» Required action:
This exercise calls for the records to be returned exactly, with images removed.

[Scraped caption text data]
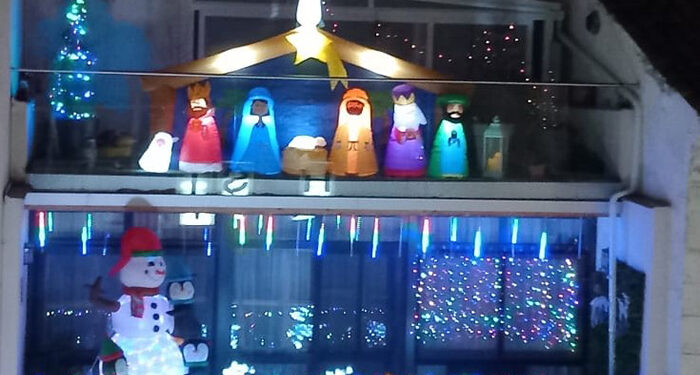 El Ayuntamiento de Cuenca da a conocer los ganadores del II Concurso de Ventanas, Balcones y Árboles de Navidad 1 Balcón ganador 20231229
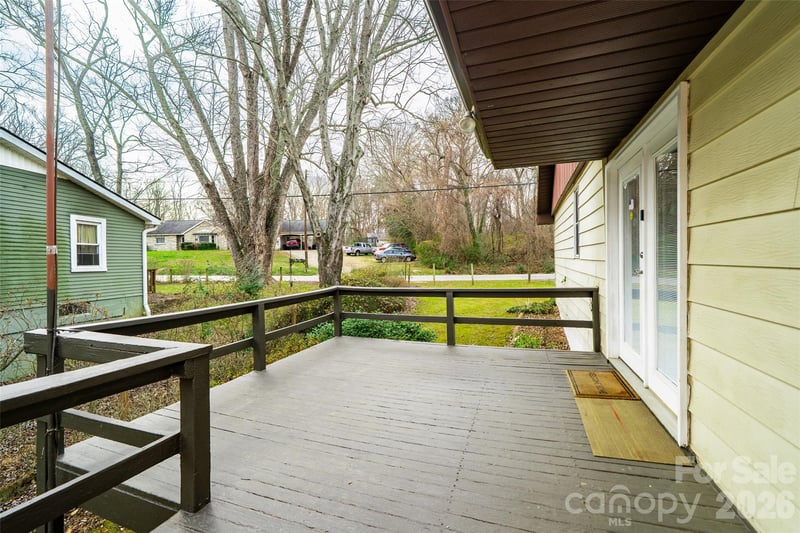 298 School Rd, Asheville, NC 28803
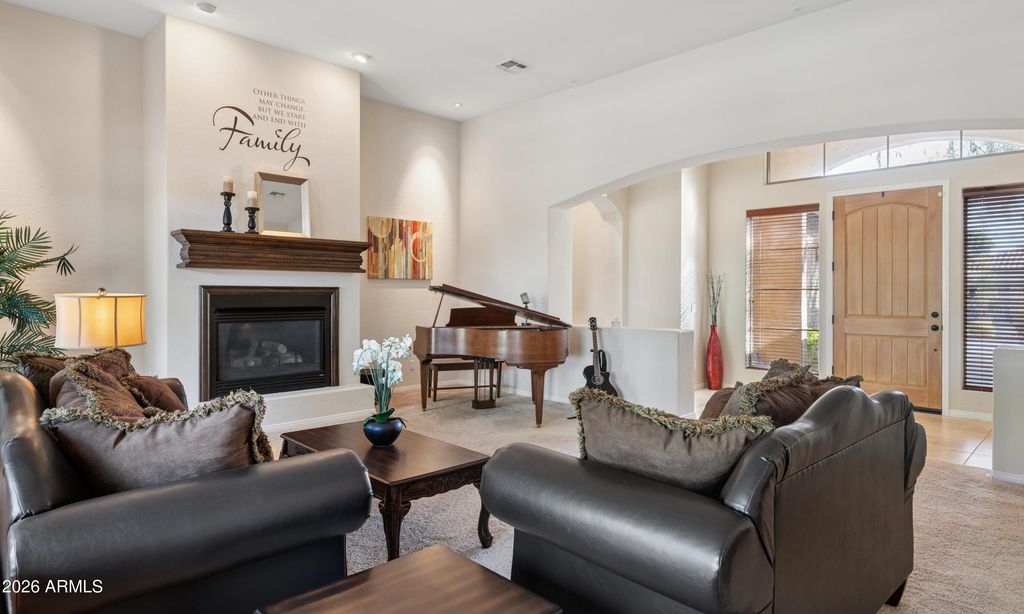 Image 10 of property listing at 1708 W Parnell Drive, Phoenix, AZ 85085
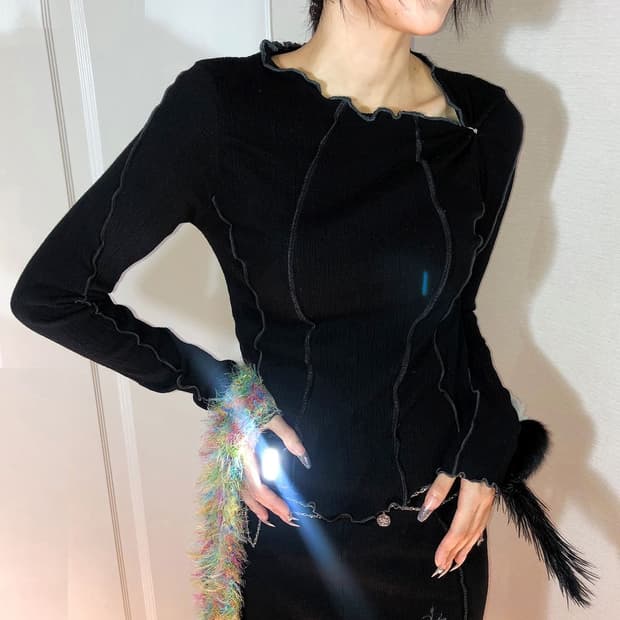 메조쿤스트 링클 웨이브 탑 블랙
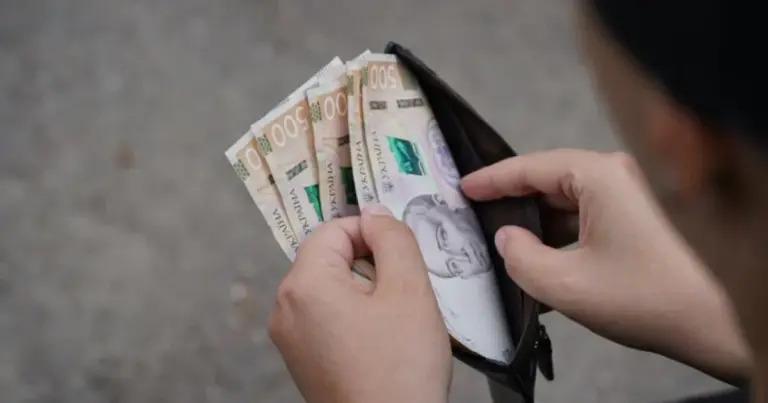 Межа бідності для працівника та пенсіонера: на яку суму можна прожити в Україні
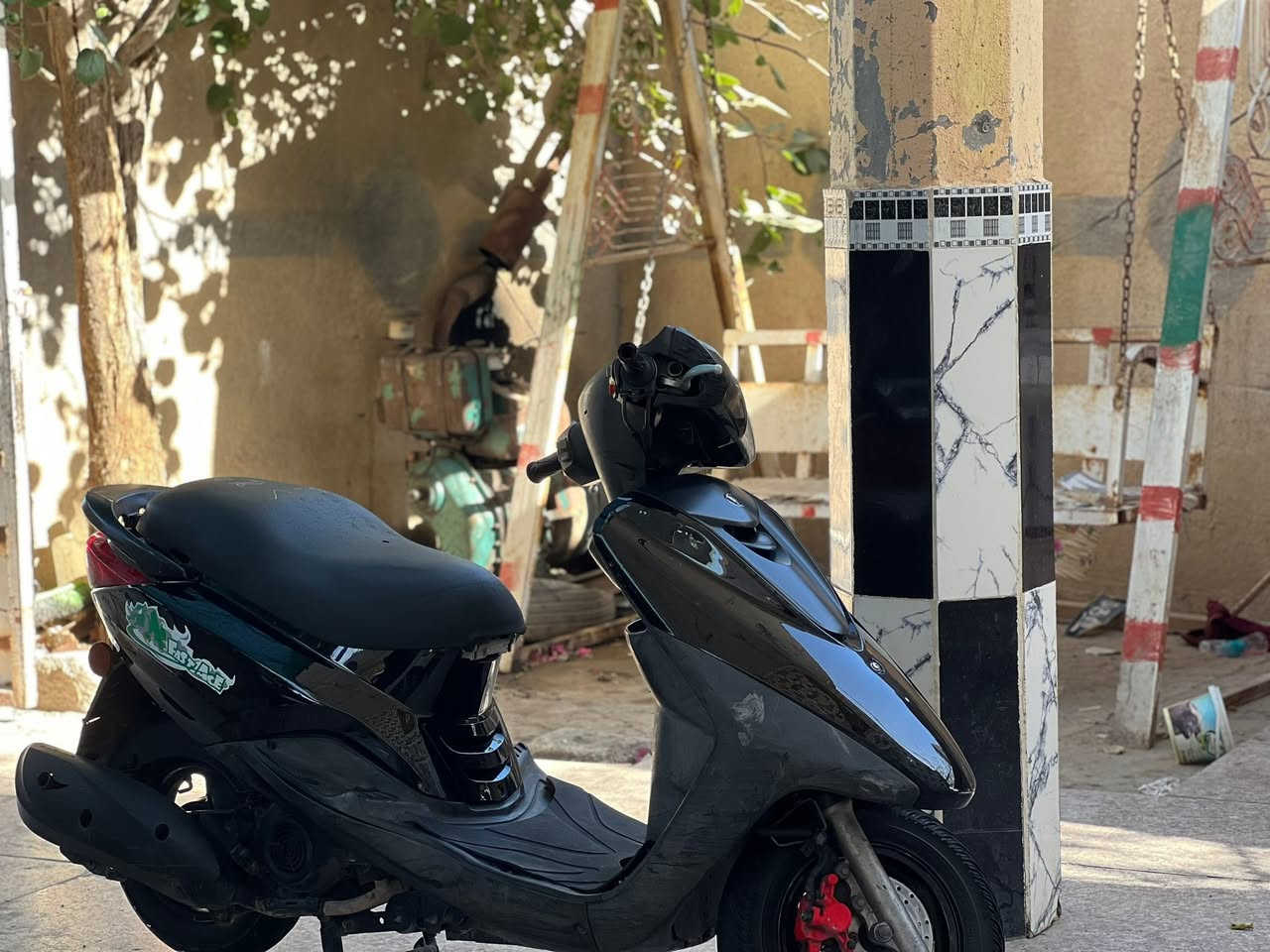 السلام عليكم ورحمة الله وبركاته 
دراجه للبيع ببغاء بريز مديل ١٦حديث الدراجه حاويه برغي مامفتوح بيه كفاله عامه مكينه مامفتوحه كلشي شغال اشاير كلوب هورن سلف مكفوله من كلشي السعر خاص صار ١٠ايام من طلعت من الحاويه 
الرقم ***********
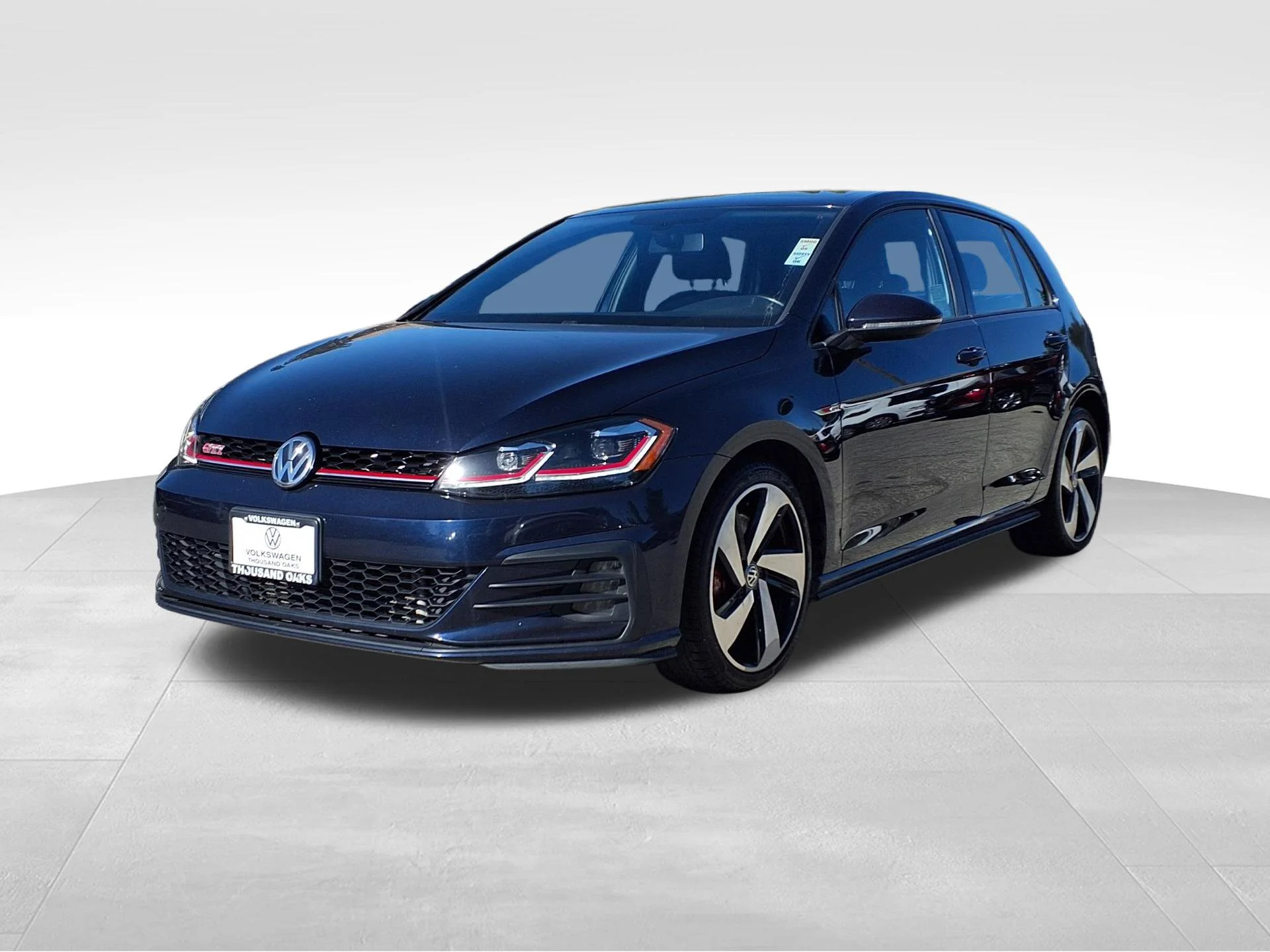 Used 2019 Blue Volkswagen 2.0T SE image 1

» Result of the exercise:
 El Ayuntamiento de Cuenca da a conocer los ganadores del II Concurso de Ventanas, Balcones y Árboles de Navidad 1 Balcón ganador 20231229
 298 School Rd, Asheville, NC 28803
 Image 10 of property listing at 1708 W Parnell Drive, Phoenix, AZ 85085
 메조쿤스트 링클 웨이브 탑 블랙
 Межа бідності для працівника та пенсіонера: на яку суму можна прожити в Україні
 السلام عليكم ورحمة الله وبركاته 
دراجه للبيع ببغاء بريز مديل ١٦حديث الدراجه حاويه برغي مامفتوح بيه كفاله عامه مكينه مامفتوحه كلشي شغال اشاير كلوب هورن سلف مكفوله من كلشي السعر خاص صار ١٠ايام من طلعت من الحاويه 
الرقم ***********
 Used 2019 Blue Volkswagen 2.0T SE image 1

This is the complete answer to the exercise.